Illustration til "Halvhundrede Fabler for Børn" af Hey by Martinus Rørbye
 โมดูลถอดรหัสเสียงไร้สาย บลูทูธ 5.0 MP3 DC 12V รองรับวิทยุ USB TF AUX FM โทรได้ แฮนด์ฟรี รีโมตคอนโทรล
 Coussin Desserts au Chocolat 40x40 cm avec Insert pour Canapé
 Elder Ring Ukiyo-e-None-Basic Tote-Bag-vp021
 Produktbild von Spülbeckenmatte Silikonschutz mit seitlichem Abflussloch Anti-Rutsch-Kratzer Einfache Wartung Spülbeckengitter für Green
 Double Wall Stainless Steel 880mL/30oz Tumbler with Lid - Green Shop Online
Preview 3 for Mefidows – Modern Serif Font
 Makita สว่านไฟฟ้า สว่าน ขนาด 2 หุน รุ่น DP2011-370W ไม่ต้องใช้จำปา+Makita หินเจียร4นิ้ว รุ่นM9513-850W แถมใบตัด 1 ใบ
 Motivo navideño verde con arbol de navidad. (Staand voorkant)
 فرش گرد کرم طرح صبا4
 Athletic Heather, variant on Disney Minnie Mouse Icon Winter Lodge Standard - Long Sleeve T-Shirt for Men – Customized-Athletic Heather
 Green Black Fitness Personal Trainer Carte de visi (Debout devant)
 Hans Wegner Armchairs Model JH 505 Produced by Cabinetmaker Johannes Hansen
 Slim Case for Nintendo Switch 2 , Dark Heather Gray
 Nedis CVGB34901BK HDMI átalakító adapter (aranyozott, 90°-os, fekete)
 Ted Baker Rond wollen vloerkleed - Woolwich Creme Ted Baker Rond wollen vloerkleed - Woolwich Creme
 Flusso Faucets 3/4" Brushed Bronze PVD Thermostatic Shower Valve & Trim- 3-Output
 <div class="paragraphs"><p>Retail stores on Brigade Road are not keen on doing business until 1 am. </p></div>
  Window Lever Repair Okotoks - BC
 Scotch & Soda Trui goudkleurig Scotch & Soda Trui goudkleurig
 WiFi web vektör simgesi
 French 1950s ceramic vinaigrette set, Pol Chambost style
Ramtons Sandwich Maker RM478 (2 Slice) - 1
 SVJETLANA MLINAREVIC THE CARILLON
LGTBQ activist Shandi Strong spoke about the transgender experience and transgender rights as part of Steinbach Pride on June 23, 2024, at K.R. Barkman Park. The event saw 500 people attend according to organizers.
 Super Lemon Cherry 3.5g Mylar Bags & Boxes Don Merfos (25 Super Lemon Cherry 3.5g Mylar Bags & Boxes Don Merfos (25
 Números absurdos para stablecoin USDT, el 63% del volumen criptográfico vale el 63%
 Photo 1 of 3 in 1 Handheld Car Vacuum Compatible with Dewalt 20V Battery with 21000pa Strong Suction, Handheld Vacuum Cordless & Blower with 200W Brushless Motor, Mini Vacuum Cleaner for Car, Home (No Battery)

# Task brief
Starting at the first line of the records above, please copy each line exactly until you reach the line containing "Coussin Desserts au". Include that line and stop there.

# Written solution
Illustration til "Halvhundrede Fabler for Børn" af Hey by Martinus Rørbye
 โมดูลถอดรหัสเสียงไร้สาย บลูทูธ 5.0 MP3 DC 12V รองรับวิทยุ USB TF AUX FM โทรได้ แฮนด์ฟรี รีโมตคอนโทรล
 Coussin Desserts au Chocolat 40x40 cm avec Insert pour Canapé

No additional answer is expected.